I don’t main a healer. I dabble occasionally. Why do healers still have this tied old model of mana management? Tanks and DPS don’t really have this issue. Shouldn’t the metric of success be casting the right spells, not ‘the dps chained pulled the entire dungeon so i could never drink that stuff the mage kindly gave me but we still lived’?
No, it wasn’t a wipe. The tank died once. Mostly from standing in bad stuff. Why should the healer be responsible for stupid? Bad luck, sure. Hard hitting bosses, definitely yes. DPS so focused on their meters they don’t even see they are taking damage? No.
It’s far beyond time that avoidable damage should also debuff the guilty, not be a mana drain for the healer.
There was a time during Cata when the Holy Charge system was way overtuned for Holy Paladins.
They basically had a quasi infinite mana source and basically never ran out of mana due to Light of Dawn being a strong AoE heal and Word Glory being just as strong with Beacons passing nearly 100% of the heals.
They even introduced a Hummer mana guzzling spell that was suppose to OOM you but barely did, Holy Radiance. You could literlly OMM yourself and heal while you regened mana for more Holy Radiance spam.
For non-Healers, mana is the limiter on “utility”, a Ret Paladin or Elemental Shaman can only cast their off-heals so often before they’ll run dry, but instead their DPS resource is Holy Power and Maelstrom.
Well in the difficulty you run nothing is hard, but when you actually do hard content dps has to do extremly tight dps checks, avoid damage, interrupt key spells, use utility spells for grp.
Healer mana basically serves as a timer to your group’s ability to maintain. The longer a fight goes on, the more strained the healers will be and eventually the group is unable to sustain. Furthermore, mistakes that cause a lot of unexpected damage will cause this clock to run out prematurely, disincentivizing groups from simply eating mechanics and letting the healers cover it.
It’s a more elegant way of pressuring the group than just putting hard-stop enrages everywhere.
I will also add on that it adds an element of gameplay to healers that encourages them not to use the biggest, baddest heal for everything. They have to use their judgement and assess the best tool for the situation and the best tool is not always the most expensive one.
Well I don’t disagree with any of the counter-points raised. I still think there could be better mechanics. I think if we could just stop the DPS race mentality on all fights that might force a change for making better players.
I have never healed progression. I have tanked it, but it’s been a few expansions.
I’ve been messing around with druid, pally, and holy priest healing at 50’ish just for fun. It is true I don’t have mana issues with the druid, and mainly because I’ve healed with druid the most and know the traps all to well.
But thinking about the one encounter in the first Maldraxxus (i think) dungeon where you get the invisible adds. That fight is a piece of cake when the DPS deal with the adds, it’s terrible when it becomes a burn the boss forget the adds fight. If the adds didn’t despawn when the boss died, we would have had a complete wipe. So, maybe it’s as simple as making sure all fights can’t be solved by DPS.

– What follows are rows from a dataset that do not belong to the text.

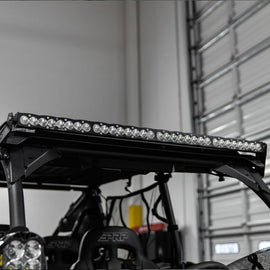 Baja Designs 20-24 Kawasaki Teryx KRX 1000 S8 40in Roof Bar Kit - Clear
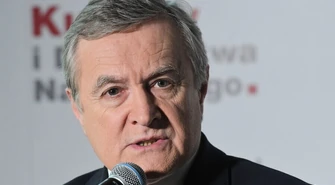 Gliński o otwarciu kin i teatrów: nie możemy o tym myśleć w perspektywie kilku tygodni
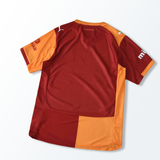 Camisa Galatasaray I 25/26 Laranja Masculina - Jogador Puma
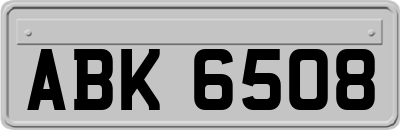 ABK6508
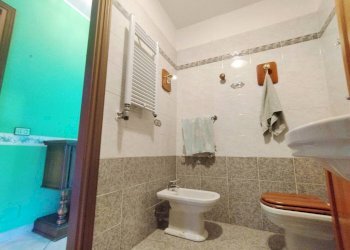 Bagno - Trilocale via Claudio Varalli, 27, Bollate - foto 33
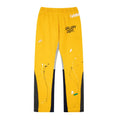 Gallery Dept. Handbemalte Denim-Hose – Einzigartige Streetwear-Kunst für Unisex-Style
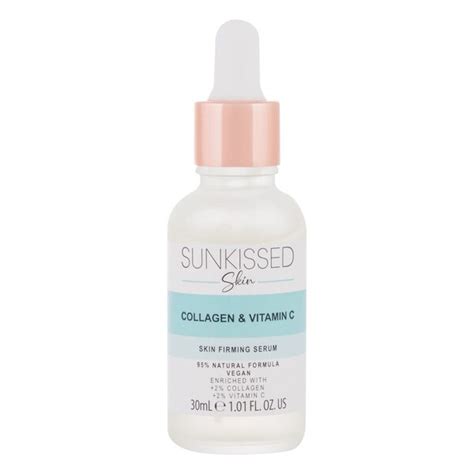 Sunkissed Skin Anti Aging Collagen Skin Superdrug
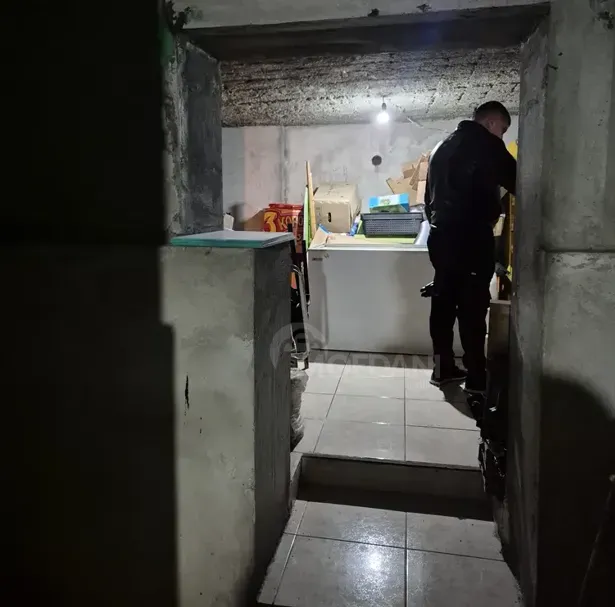 Universal commercial space for rent in Didube Tbilisi - photo 6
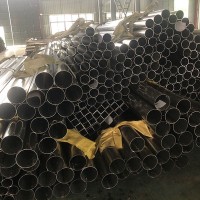 厂家直销 焊管 不锈钢工业焊管无缝管 量大从优 不锈钢无缝管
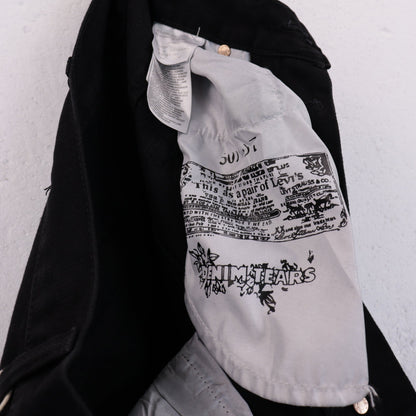 DENIM TEARS  Pants 8167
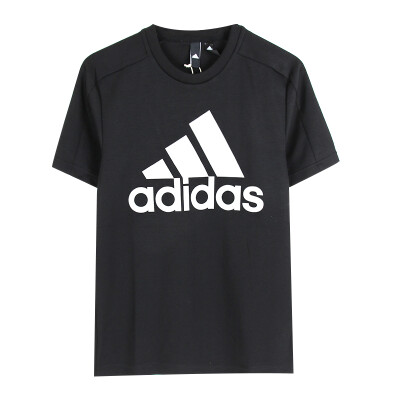 

Adidas ADIDAS Mens Model Series  ID STDM WRM T Sports Short Sleeve T-Shirt CY9877 L Code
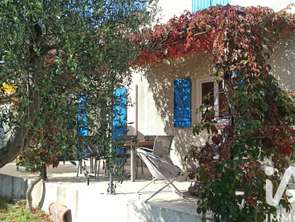 Vente Maison 3 chambresBouc-Bel-Air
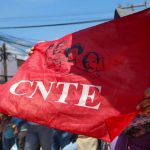 CNTE sube la presión contra el gobierno ante cierre de diálogo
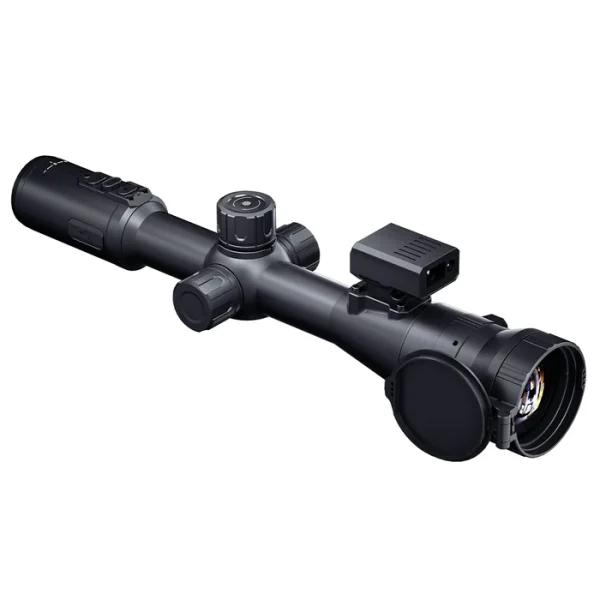 VISOR TERMICO PARD PANTERA Q - Imagen 7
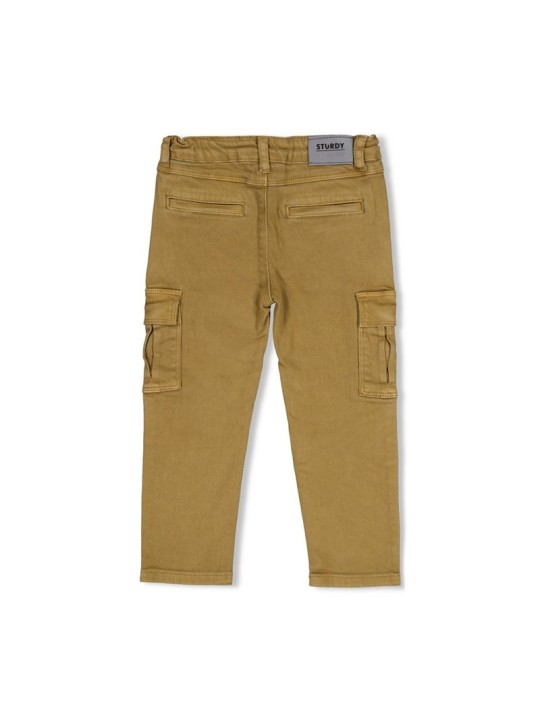 Cargo Trousers  - Couch Club - Sturdy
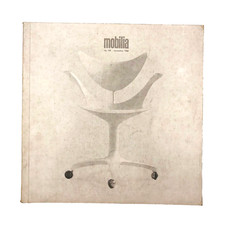 Mobilia Magazin Nr. 160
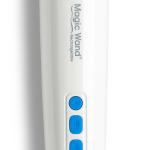 Wand Rechargeable Personal Massager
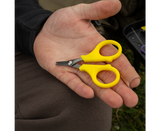 Tijeras Avid Carp Re-Rig Compactas - Tienda Carpfishing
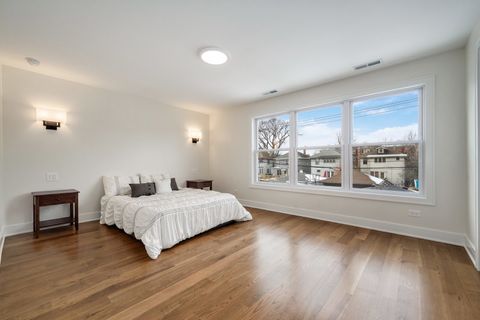 Tiny photo for 515 Highland Avenue, Oak Park, IL 60304 (MLS # 12596455)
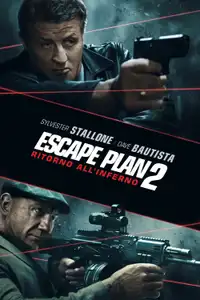 Escape Plan 2 - Ritorno all'inferno (2018) - Film Streaming HD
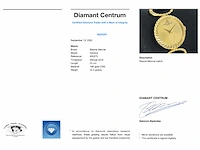 Baume & mercier horloge - afbeelding 2 van  10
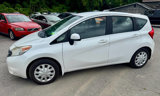 Used 2014 Nissan Versa Note S Plus image 4
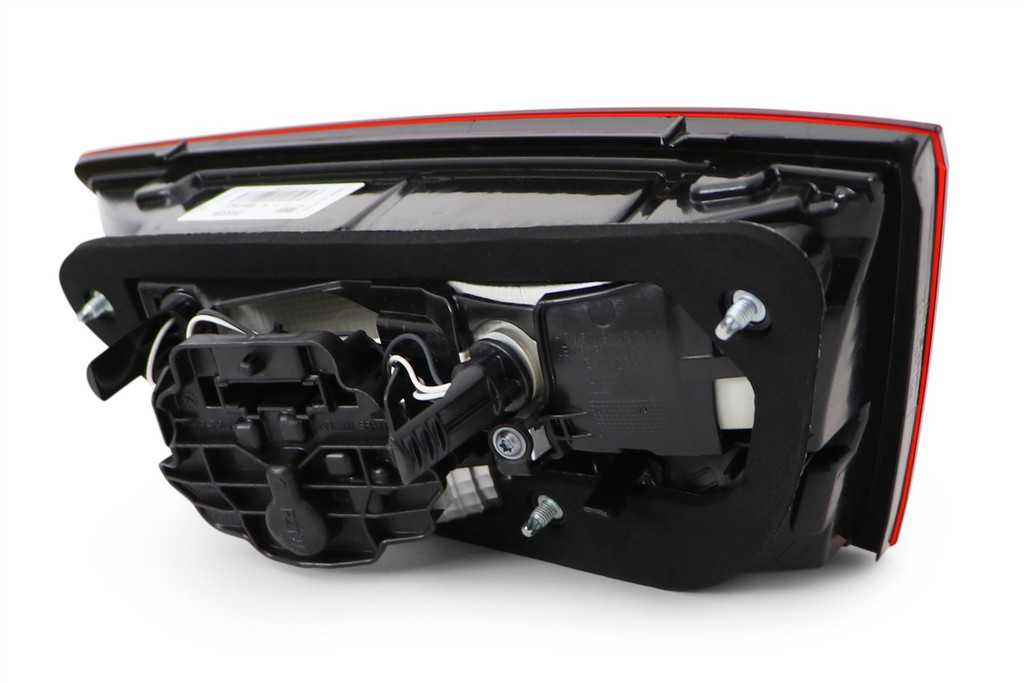 Rear light left inner Seat Leon 14-16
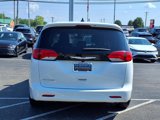 Used 2022 Chrysler Voyager LX image 5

And yes, harder content tends to get you better players and the problems solves itself. Maybe it’s the way it needs to be, I don’t know.
Healing is stressful AF and mana management doesn’t help. There’s so much that healers have to worry about: no one can die, dispel, move move move so you can’t use cast-time spells, oh and your DPS has to be high too. Why aren’t DPS judged on how much healing they do? This is why healers are hard to find, healing is absolutely no fun especially early in an xpac, and the fact that we are the only ones who have to worry about stuff like this really grinds my gears.
No healer that I know of has a group heal that’s spammable. This is what we healers hate - people talking like they understand healing more than the healers themselves. Go press your 3 buttons and pewpew.